** Provided data follows **
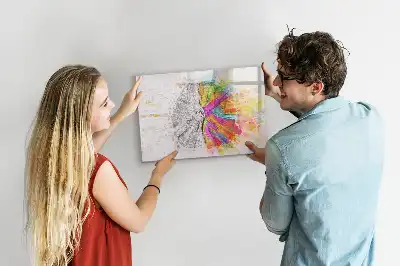 Tablă magnetică cu ștergere uscată cu design Abstracția creierului
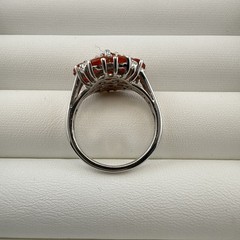 Chuck Clemency Ring Orange Gemstone Sterling Silver STS 8.25 Cluster QVC 925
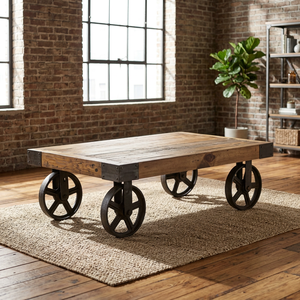 Table Basse Chariot Industrielle & Vintage Antique Réglable en Métal et Bois de Mangue avec Roues – Utilisation Intérieure/Extérieure pour Salon, Villa, Maison - Product Image 2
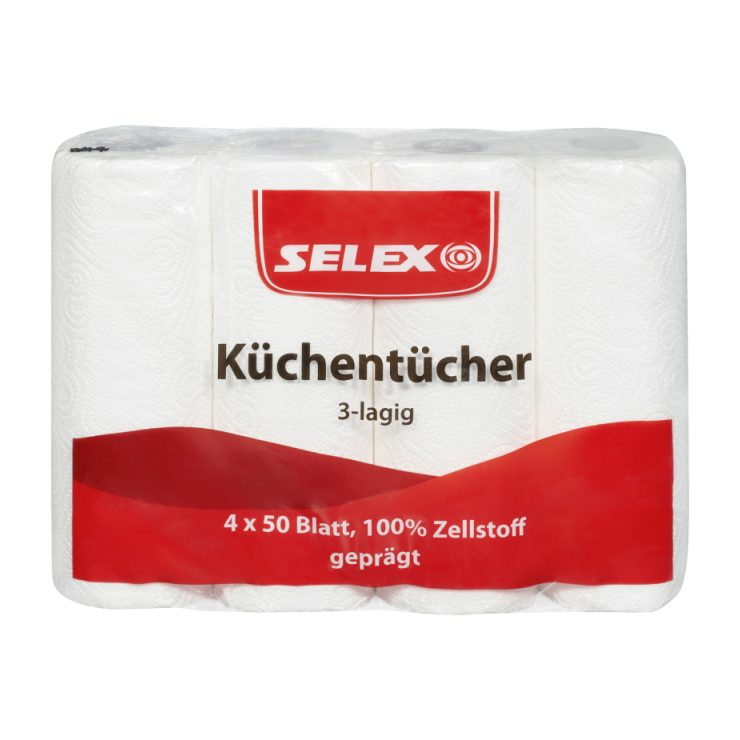 Selex Küchenrollen, 3-lagig, 50 Bl. x 4 Rollen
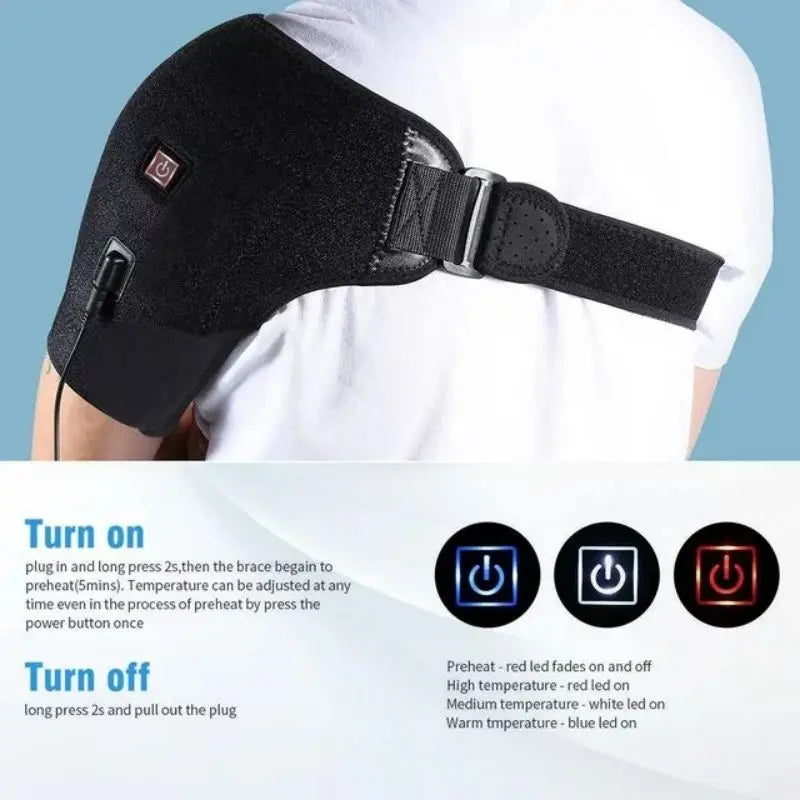 Heating Shoulder Support Belt, 3 Temperature Levels, Dual-Sided, for Body Relaxation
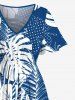 Robe Mi-Longue Hawaïen Fendue Feuille Tropicale Imprimée de Grande Taille - Bleu 1X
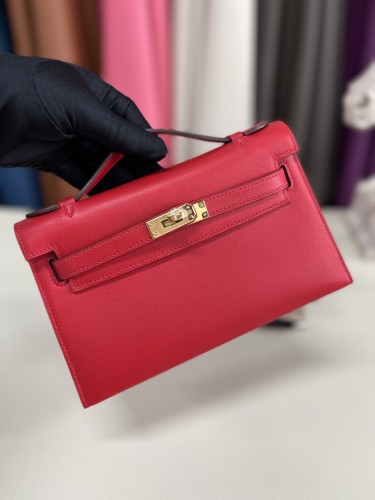 Kelly Pochette Swift Leather“22*12*7CM”-0301=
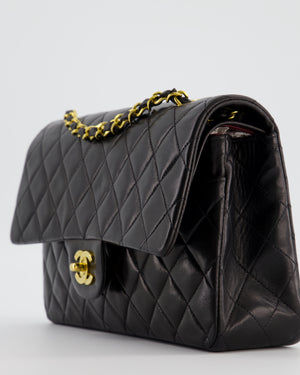 *AMAZING CONDITION* Chanel Black Vintage Medium Classic Double Flap Bag in Lambskin Leather with 24K Gold Hardware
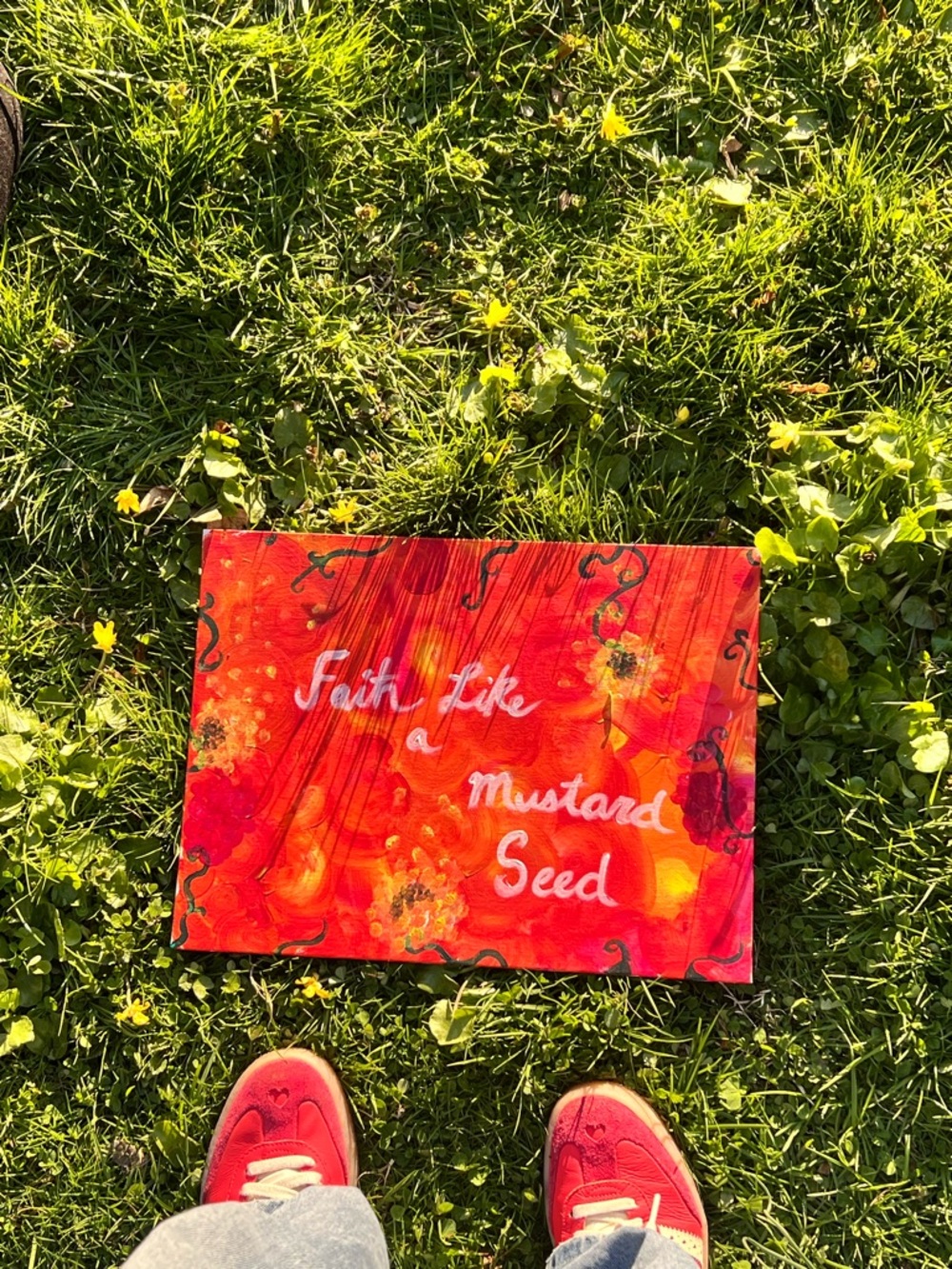 Faith Like a Mustard Seed Red Art Panel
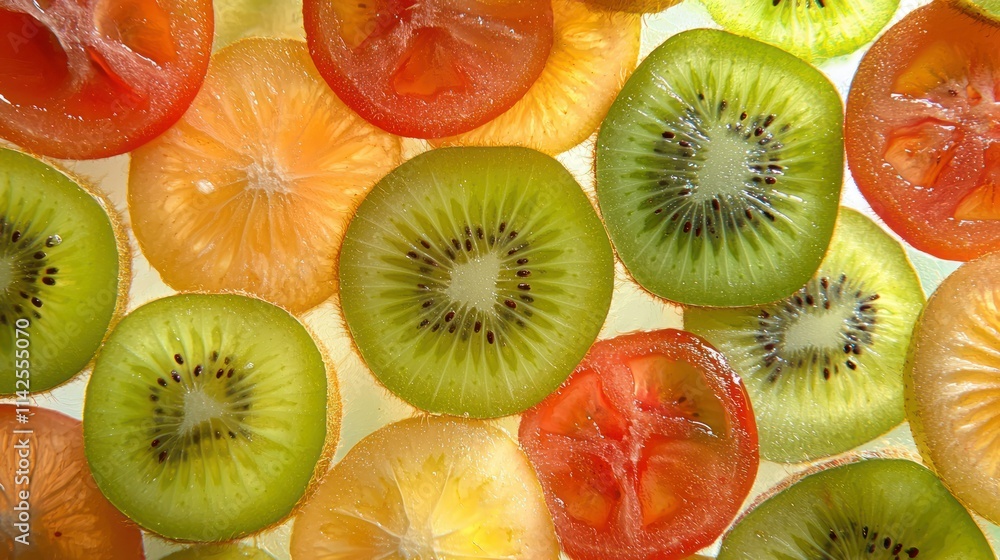 Poster an overhead view of a fruit salad featuring kiwi slices along with other colorful fruits, creating a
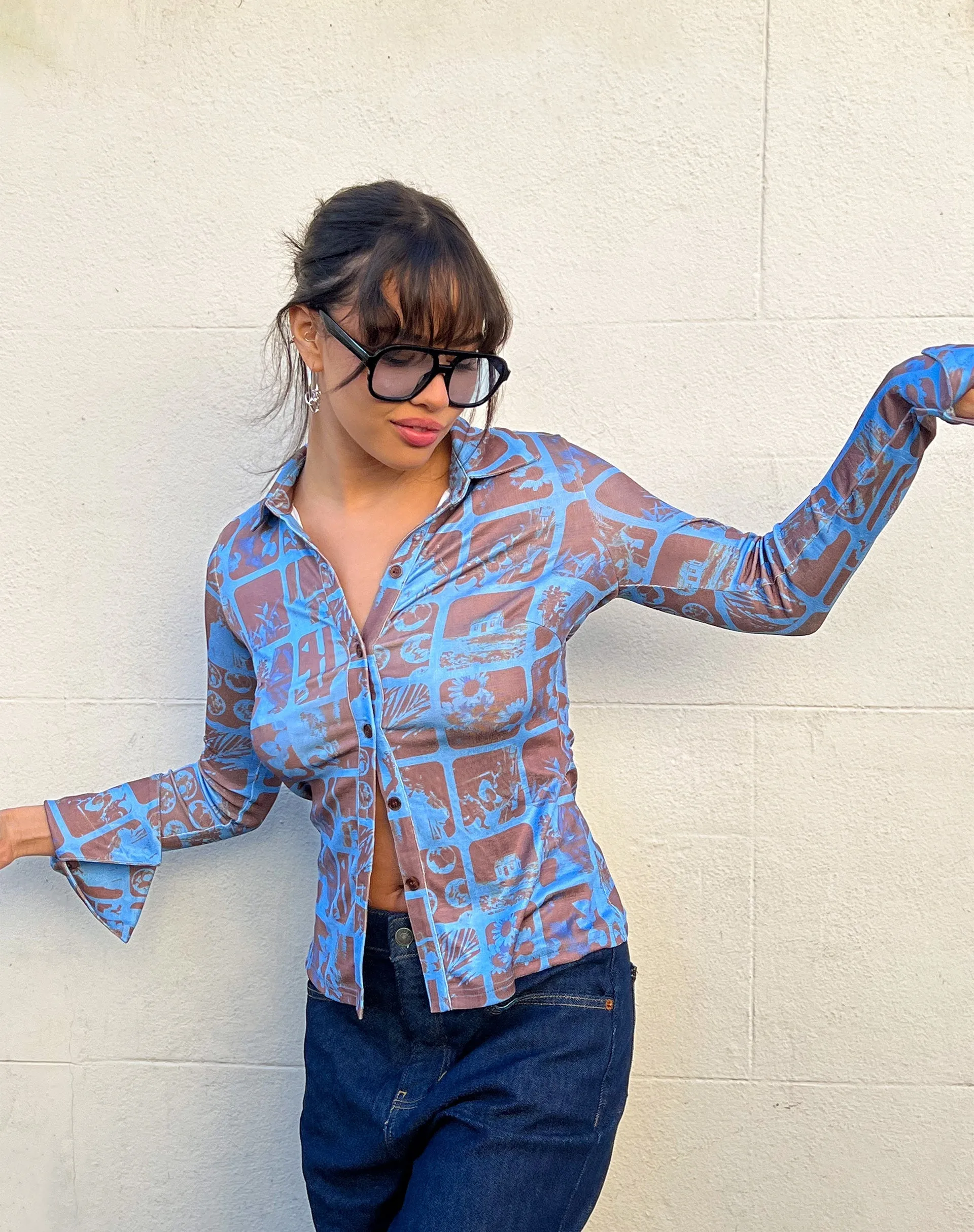 Keani Long Sleeve Shirt in Photographic Blue sold by Motel Rocks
** End of Provided data **
Your copy should hold exactly the lines from the one with "Poster an overhead" through the end of the records, both included, and no pictures.

### Exercise answer
 Poster an overhead view of a fruit salad featuring kiwi slices along with other colorful fruits, creating a
 Keani Long Sleeve Shirt in Photographic Blue sold by Motel Rocks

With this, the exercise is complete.